SOURCE DATA:
────────────────────────────────────────

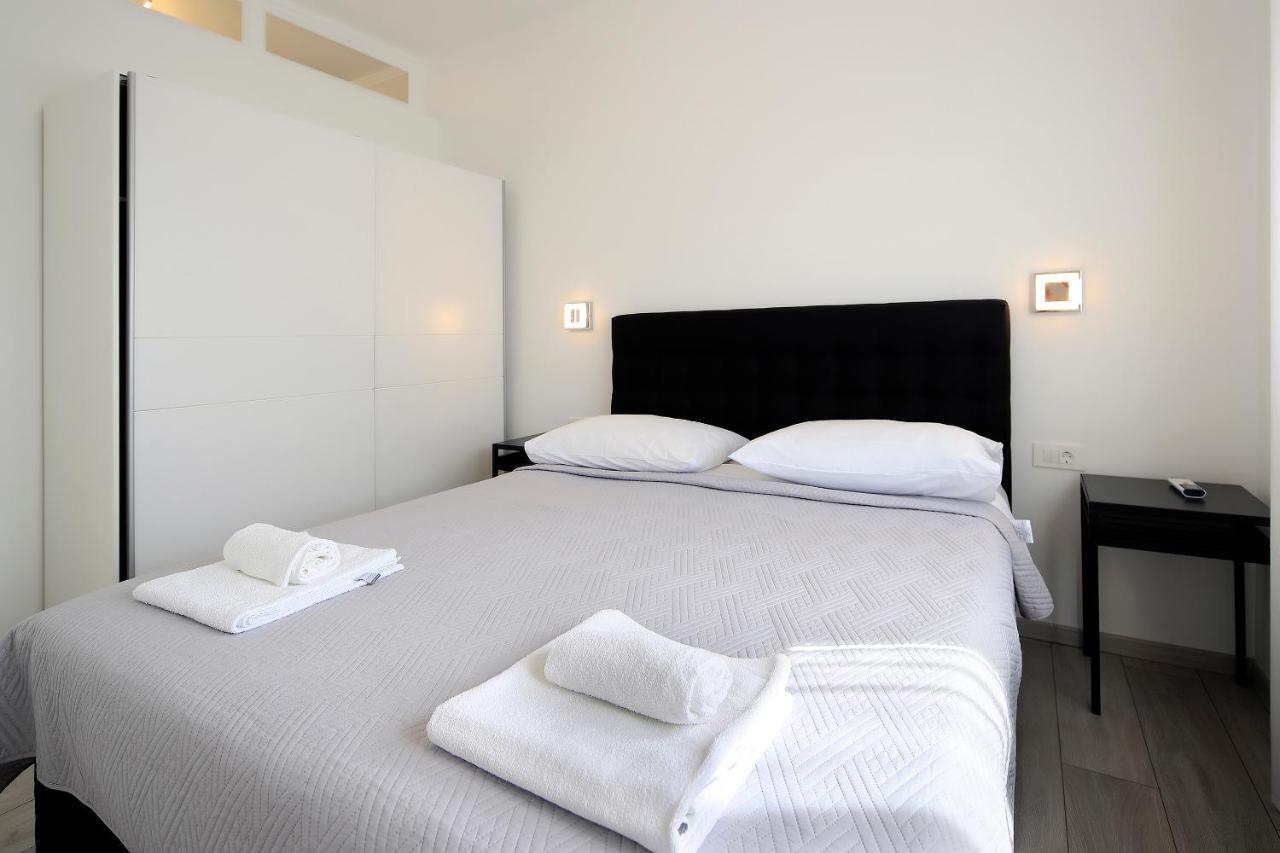 Apartments Lola Novalja Dış mekan fotoğraf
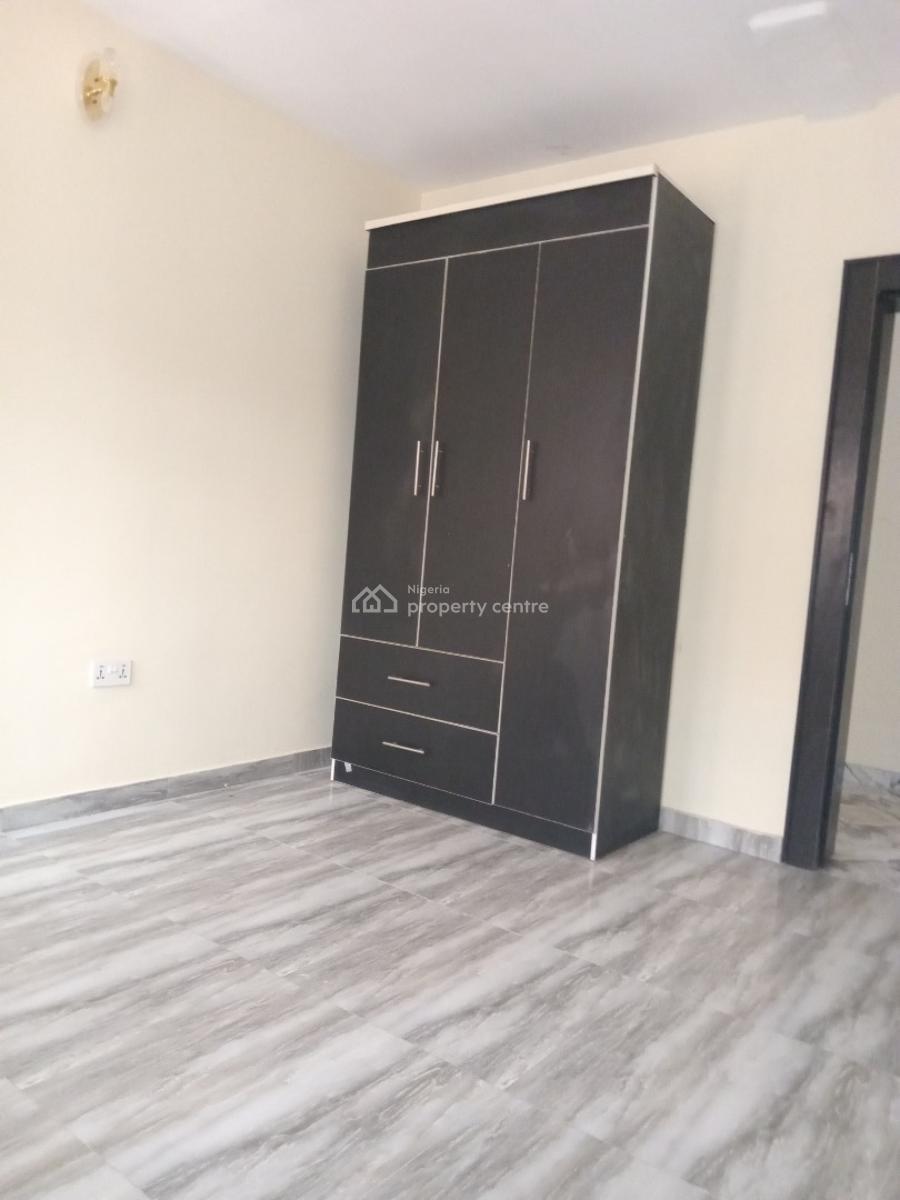 Spacious 3bedroom Flat Upstairs, Ogombo, Ajah, Lagos, Flat / Apartment for Rent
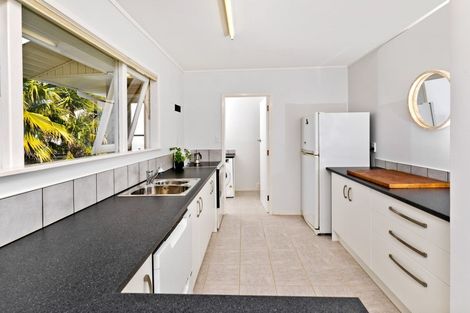 Photo of property in 87 Stredwick Drive, Torbay, Auckland, 0630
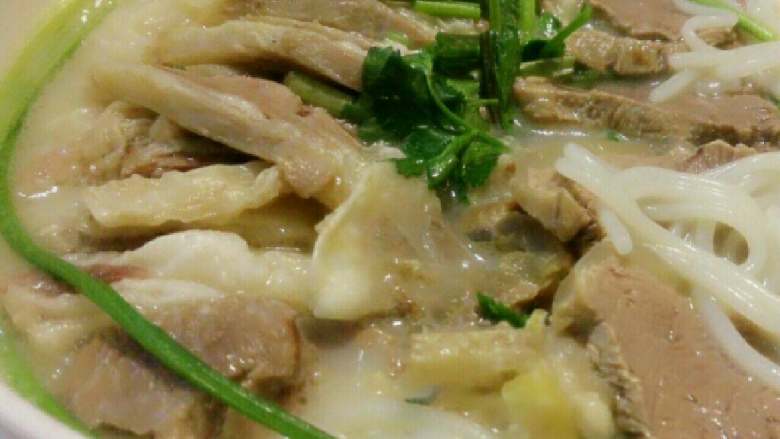 羊肉米线,浇在羊肉米线上即可~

────────────────────────────────────────

REQUIREMENT: Nothing but the lines from the line with "Photo of property" through the last line of the listing should be copied, exactly and with both ends kept. Leave pictures out.

SOLUTION:
 Photo of property in 87 Stredwick Drive, Torbay, Auckland, 0630
 羊肉米线,浇在羊肉米线上即可~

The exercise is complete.